The five delegates are from Jewish Voice for Peace, American Muslims for Palestine, and the Presbyterian Peace Fellowship. It is suspected that they were not allowed to fly to Israel because of a law Israel passed in March that denies entry to someone who has (or works for an organization that has) called for a boycott against Israel, or who has committed to participate in such a boycott. Having long banned Palestinians from returning home and denied entry to people because they are, or are perceived to be, Arab or Muslim or because their political opinions conflict with official Israeli government policy, this is nevertheless apparently the first time Israel has prevented people from even boarding a plane to the country due to their political expression.

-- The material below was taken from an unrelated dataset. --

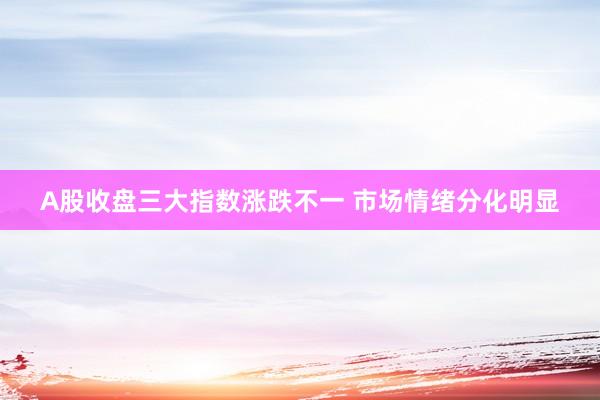 A股收盘三大指数涨跌不一 市场情绪分化明显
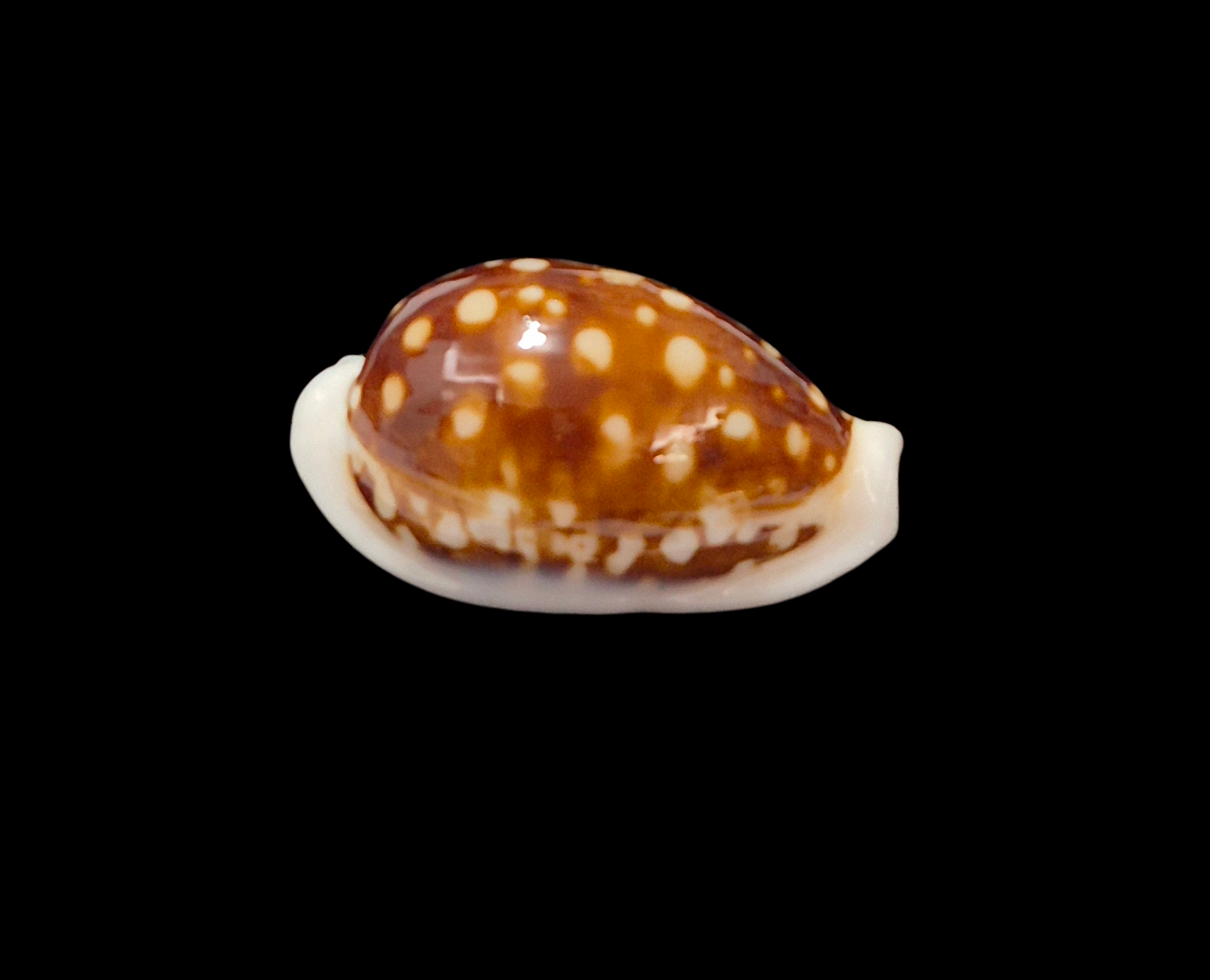 BC367 Cribrarula exmouthensis exmouthensis - Image 2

When asked about Israel’s law in March, a U.S. State Department spokesperson said, “[W]hile we oppose boycotts and sanctions of the state of Israel, we also support firmly freedom of expression.” While the State Department was asserting its commitment to freedom of expression, Congress introduced the Israel Anti-Boycott Act, which would impose severe penalties on constitutionally protected boycotts. Meanwhile, legislation in various states and localities threatens mobilization in support of Palestinian rights.
As Israel’s occupation of Palestine continues indefinitely, mobilization for Palestinian human rights is accelerating. The situation is especially dire as Gaza’s humanitarian crisis deepens, with recent electricity shortages highlighting the devastating impact of a decade-long closure that has prevented rebuilding in the aftermath of major military offensives, including “Operation Cast Lead” in 2008-2009 and the 51-day assault in 2014. Additionally, protesters have been injured and killed by Israeli forces in recent efforts to oppose the installation of security equipment—since removed—at Al-Aqsa Mosque in Jerusalem.
Efforts to promote human rights should be welcomed and encouraged, not impeded, particularly at this time of increasing disregard by the U.S. for human rights engagement. Indeed, as a signatory to human rights treaties including the International Covenant on Civil and Political Rights and the International Convention on the Elimination of All Forms of Racial Discrimination, the U.S. has an obligation not to contribute to discrimination or the denial of fundamental rights. CCR calls on the U.S. State Department to advocate on behalf of its own citizens who are working to defend Palestinian rights and to challenge Israel’s discriminatory actions.